Have you decided on the type of dosing method you will try? You may not need the K test kit if you do EI dosing.

Also, if you buy dry ferts you can make your own solutions. I can give you some mixture info if you want.

A good member to tap for fert info is LeftC.


----------



## mattmathis (Dec 13, 2008)

I really don't know anything about the different dosing methods. Which do you prefer? Do you have some links to some material where I can find out more about them?

So that "Green Fertilizer Package: Micros & Macros" from Green leaf is all I will need as far as fertilizers etc?

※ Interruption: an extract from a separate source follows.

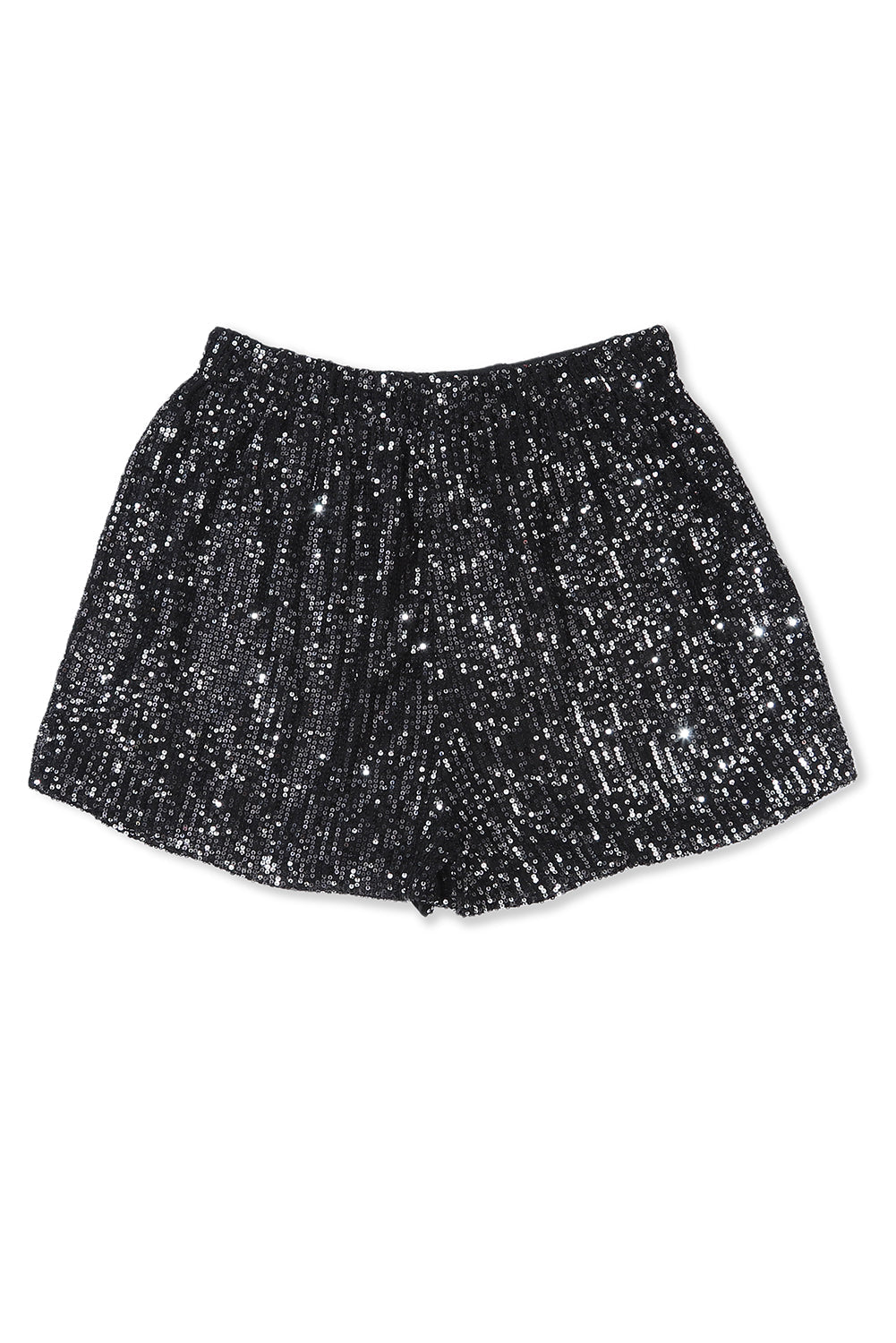 Black Sequin Straight Leg High Waist Casual Shorts - MAD RUFFI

Sure I'd like all of the mixture info, and any other advice you have. I have started to do this before but always feel like I'm getting in over my head.

Thanks!


----------



## plurmaster (Apr 1, 2008)

i use a 20 inch lighting strip where u can put 2 cfl bulbs. dont use the coralife mini 10 watt bulb..goto homedepot and get 14 watt cfl spiral buld.it will fit and give your tank 28 wpg which basically can grow most plants with excel dosing.


----------



## Newt (Apr 1, 2004)

Matt,

You need to know your GH before hand. GH is good around 4 to 5 deg and KH is good around 2 to 3 deg.
If you have soft water around 1 to 2 dGH then you will need to buy GH booster which comes with potassium and iron and therefore you really shouldnt need potassium by itself. If your GH is at or above then you wont need GH booster but will need N,P and K. Your local water dept should be able to tell you both GH and KH.

Go to the Fertilizer section right above this lighting section and go over the stickies. I dose PPS but I like to do the testing. EI doesnt really require testing but you use more ferts.

Good Luck


----------